Why We're Not Concerned About Grown Rogue International Inc.'s (CSE:GRIN) Share Price
Grown Rogue International Inc.'s (CSE:GRIN) price-to-sales (or "P/S") ratio of 4.3x may look like a poor investment opportunity when you consider close to half the companies in the Pharmaceuticals industry in Canada have P/S ratios below 1.2x. However, the P/S might be quite high for a reason and it requires further investigation to determine if it's justified.
Check out our latest analysis for Grown Rogue International
What Does Grown Rogue International's Recent Performance Look Like?
The revenue growth achieved at Grown Rogue International over the last year would be more than acceptable for most companies. It might be that many expect the respectable revenue performance to beat most other companies over the coming period, which has increased investors’ willingness to pay up for the stock.
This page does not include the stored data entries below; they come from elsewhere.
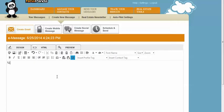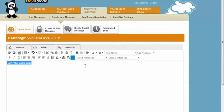Let's say that we have the text 'view the video here' and we want that to link to a YouTube video. We're simply going to select the object, in this case it's text, that we want to link to.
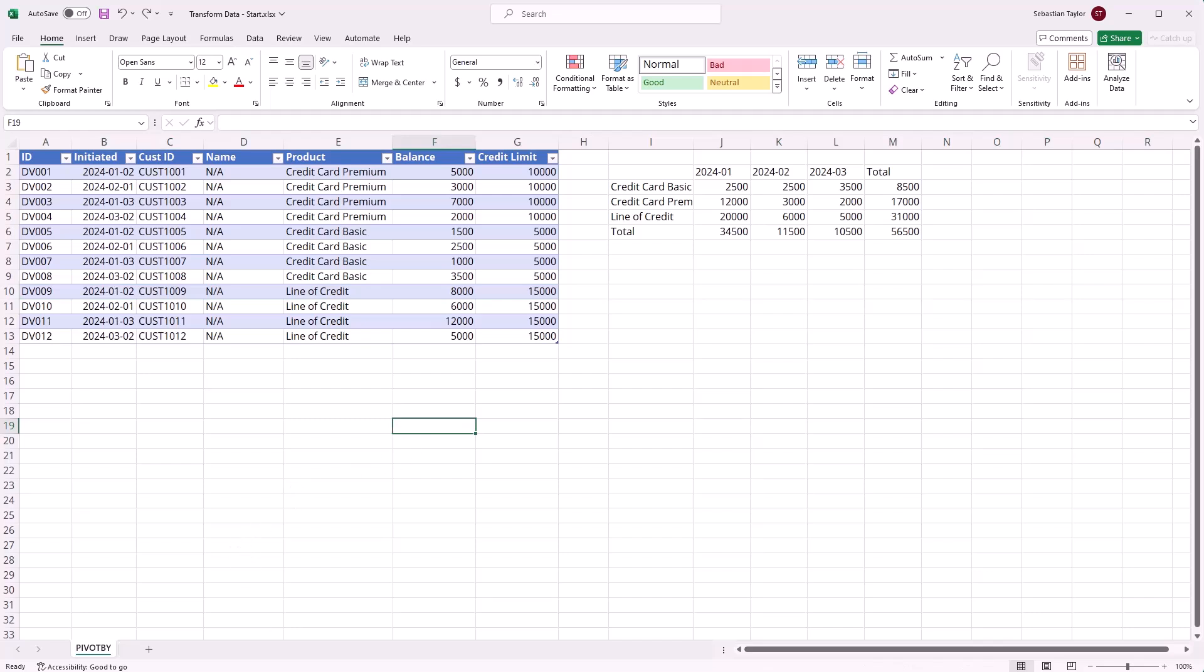So another great example from Microsoft there of bringing data analysis techniques right into Excel that avoids us having to create a pivot table every time. We can do this kind of analysis on the fly and keep it updated to our source data.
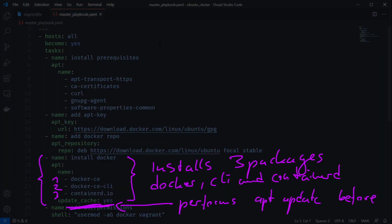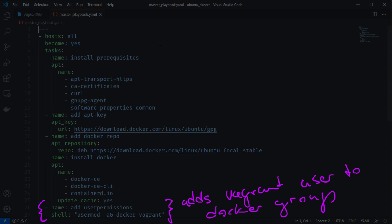Then we install three packages: docker-ce, docker-ce-cli, and containerd.io. The update_cache: yes setting is important — since we just added a new repository, this performs a sudo apt update so the new package sources are available before installing. The last task adds user permissions: Vagrant always creates a user called 'vagrant', so I added that user to the docker group, meaning when you SSH in as the vagrant user you can run docker commands without sudo.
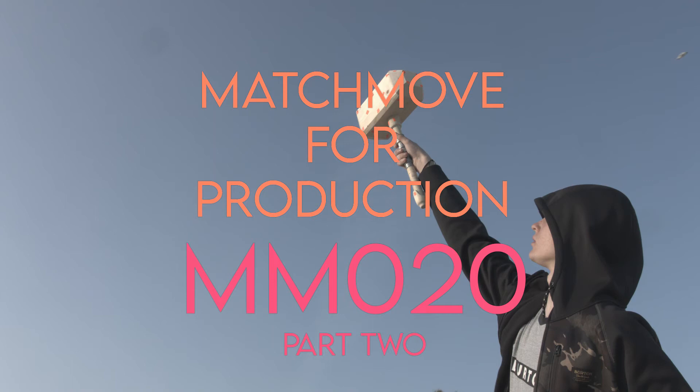Hi and welcome to MatchMove for Production by VFX Tutors. I'm Josh, and in this video we'll be continuing with shot MM20. In part two, we'll be importing our camera and object track into Maya and getting it ready to be used.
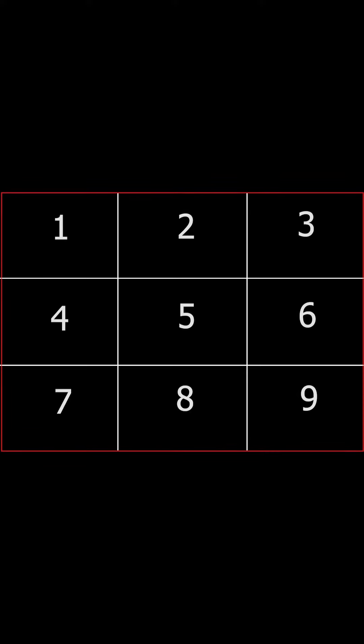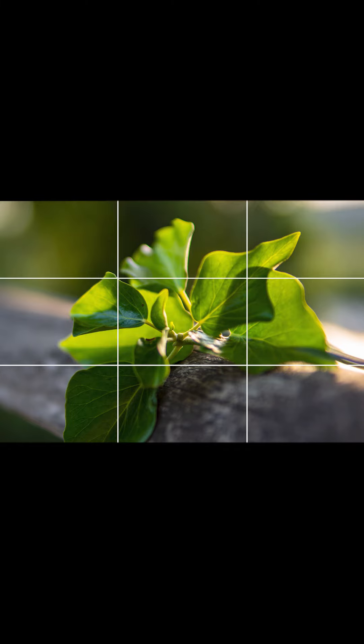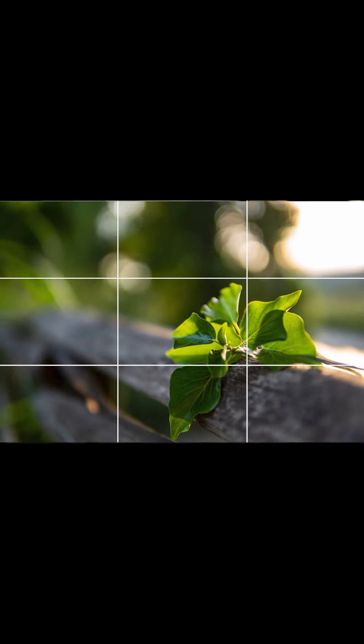Also grid lines create nine same-size squares for placing points, and those placing points are very important here. Naturally we think it is good to place the subject in the center of the frame, however by moving it into one of the four placing points we get a much more dynamic picture.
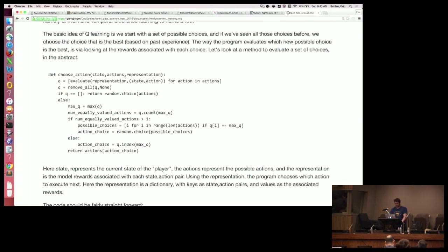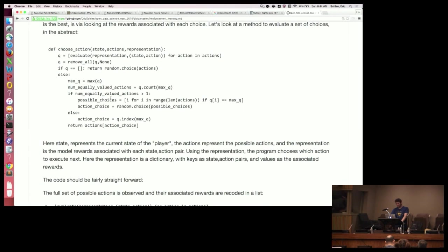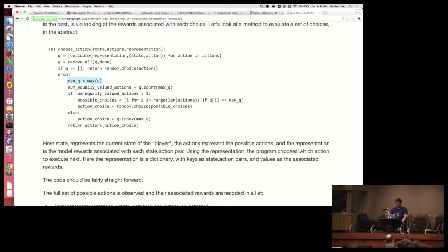Then I choose a random action. A better version of this would allow randomly choosing an action sometimes anyway with some low probability, but that's a more advanced thing. In Q-learning, what you do is you take the max Q — assuming we've learned some things and we know when positive and negative actions have happened — then we take the thing that is the best for us.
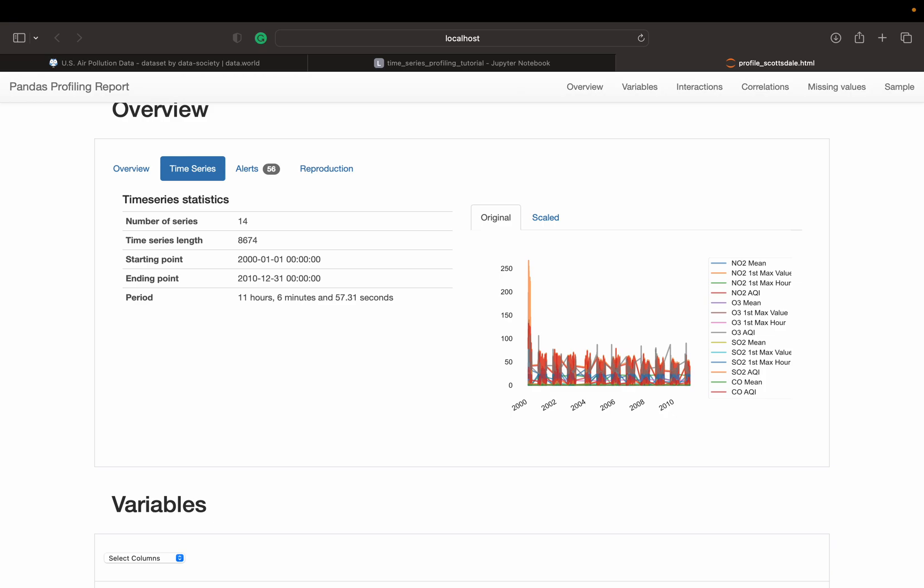we can see that it contains 14 different time-series and each has 8,674 recorded values. We can also see that this dataset reports on 10 years of data from January 2000 to December 2010.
However, if this isn't the case, investors might get caught out paying too much for the stock.
Although there are no analyst estimates available for Grown Rogue International, take a look at this free data-rich visualisation to see how the company stacks up on earnings, revenue and cash flow.How Is Grown Rogue International's Revenue Growth Trending?
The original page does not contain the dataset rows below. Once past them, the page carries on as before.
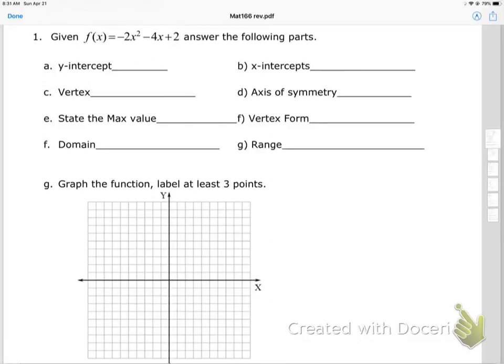We are going to graph this quadratic function. When x equals 0, the y-intercept — this is going to be 2 — so (0, 2) is my y-intercept. Now for the x-intercepts, we take the whole equation and set it equal to 0.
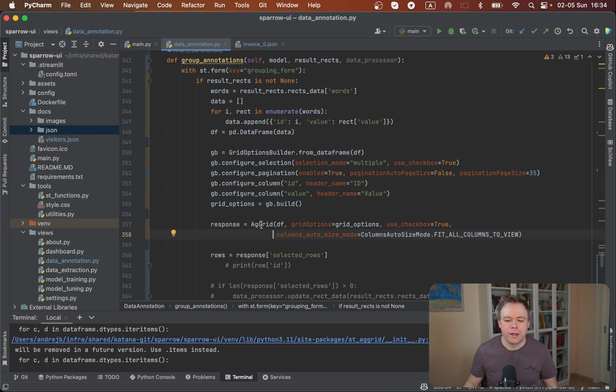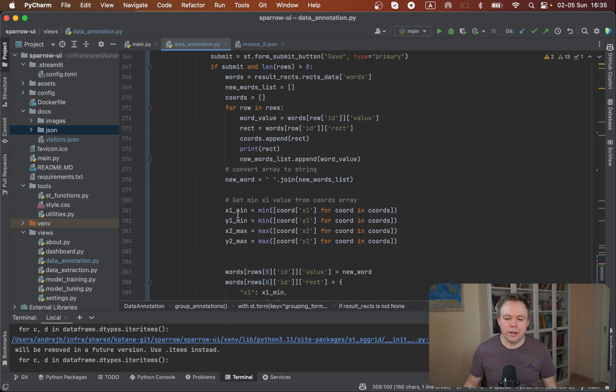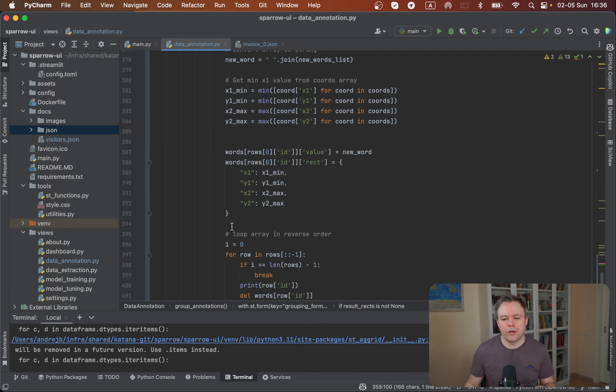The idea is we present the user a table and the user selects all the words that belong together and should be in the same sentence, then clicks Save. We take the words from all those rows, build a single sentence, replace the first entry with it, and delete all other entries. The bounding box is reconstructed by getting the minimum and maximum coordinates from all the rows being grouped, producing a new large bounding box that wraps the entire sentence. All this source code is available online — I'll commit the final version either today or tomorrow, and you'll find it in the Sparrow repo on GitHub. The URL is below the video.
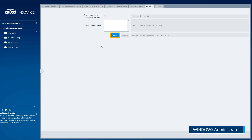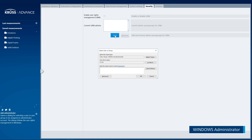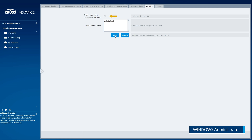Click Add to add a user or a user group. A Windows dialog box will open. Advanced User Rights Management is based on Windows User Account Management. Enter the user who is intended to be the first administrator. Enable User Rights Management.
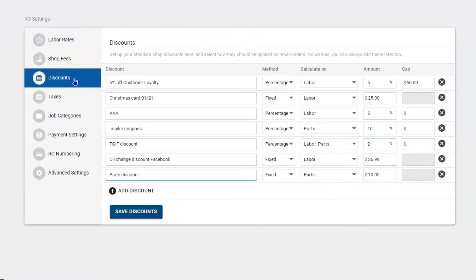You can create as many discounts as you need — whether you have coupons, marketing material, or loyal customers. One thing you cannot do is auto-apply a discount. The only way to auto-apply a discount is to create a canned job, put a discount in the canned job, and then pull that canned job into a repair order — the discount will come with it.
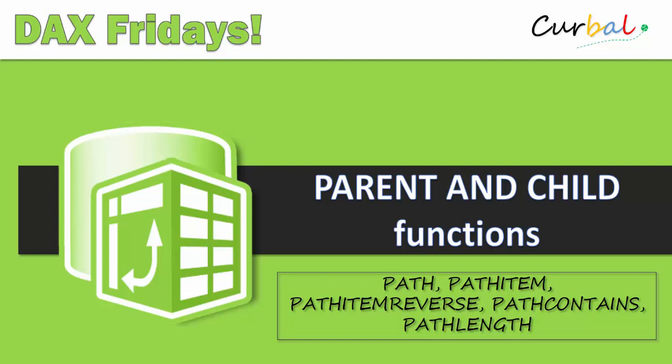Hello and good evening! This is Ruth Pozoella from Curval.com and today is time again for DAX Fridays and we're going to talk about parent and child functions.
Grown Rogue International's P/S ratio would be typical for a company that's expected to deliver very strong growth, and importantly, perform much better than the industry.
Retrospectively, the last year delivered an exceptional 19% gain to the company's top line. The latest three year period has also seen an incredible overall rise in revenue, aided by its incredible short-term performance. Accordingly, shareholders would have been over the moon with those medium-term rates of revenue growth.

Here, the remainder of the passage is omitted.